GIVEN MATERIAL →
<<<<
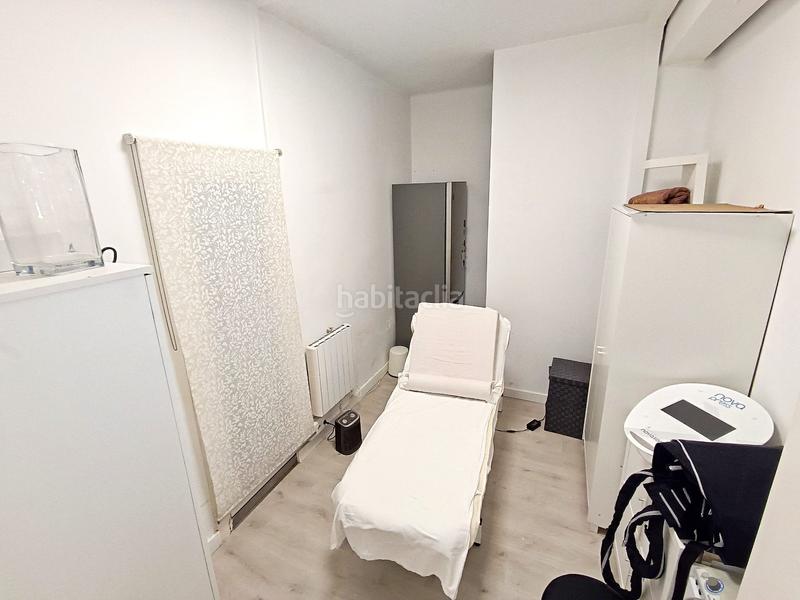 Foto 41cc449e-a3df-40d0-90bd-c20dddbae85e. Trapasso locale commerciale in Pallejà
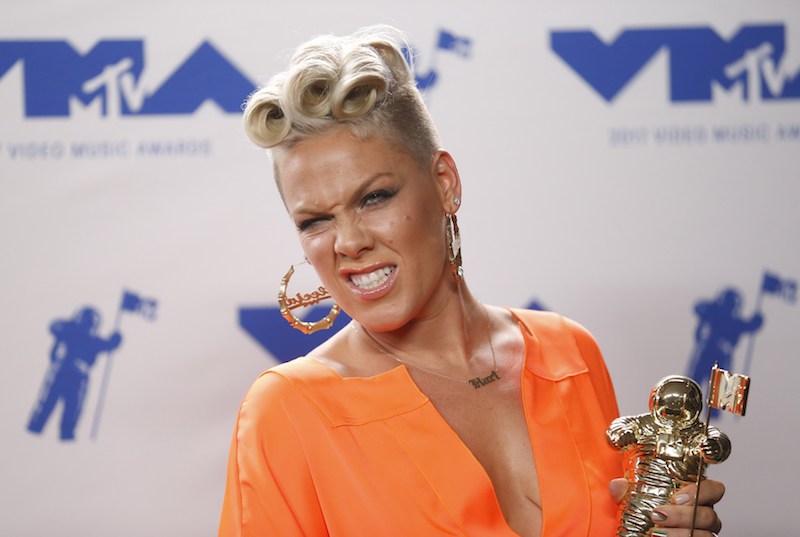 Singer Pink poses with the Michael Jackson Video Vanguard Award at the 2017 MTV Video Music Awards in Inglewood, California, August 27, 2017. u00e2u20acu201d Reuters pic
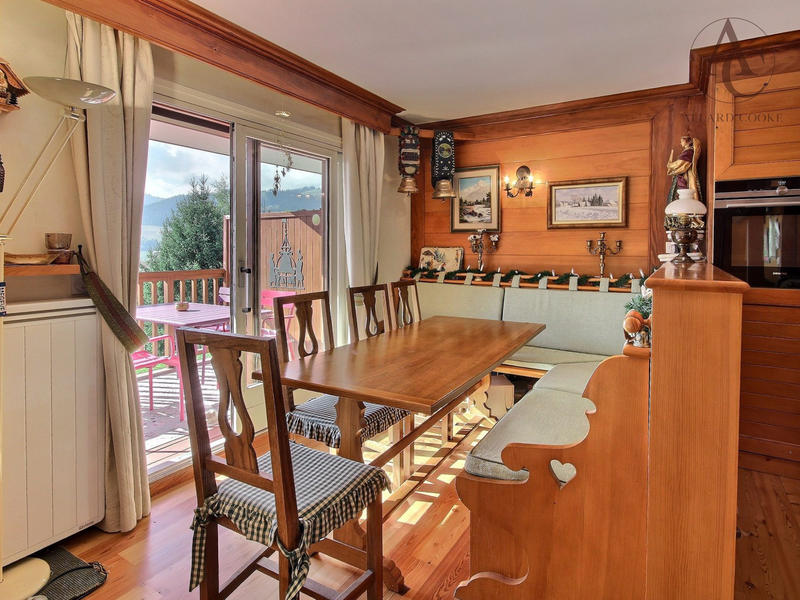 Appartement - 95 m² - 4 pièces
>>>>
TASK DIRECTIONS → Find the line containing "Singer Pink poses" in the listing above. Please restate word for word that line through the last one, leaving out the pictures.

SOLUTION FOR THIS PROBLEM →
 Singer Pink poses with the Michael Jackson Video Vanguard Award at the 2017 MTV Video Music Awards in Inglewood, California, August 27, 2017. u00e2u20acu201d Reuters pic
 Appartement - 95 m² - 4 pièces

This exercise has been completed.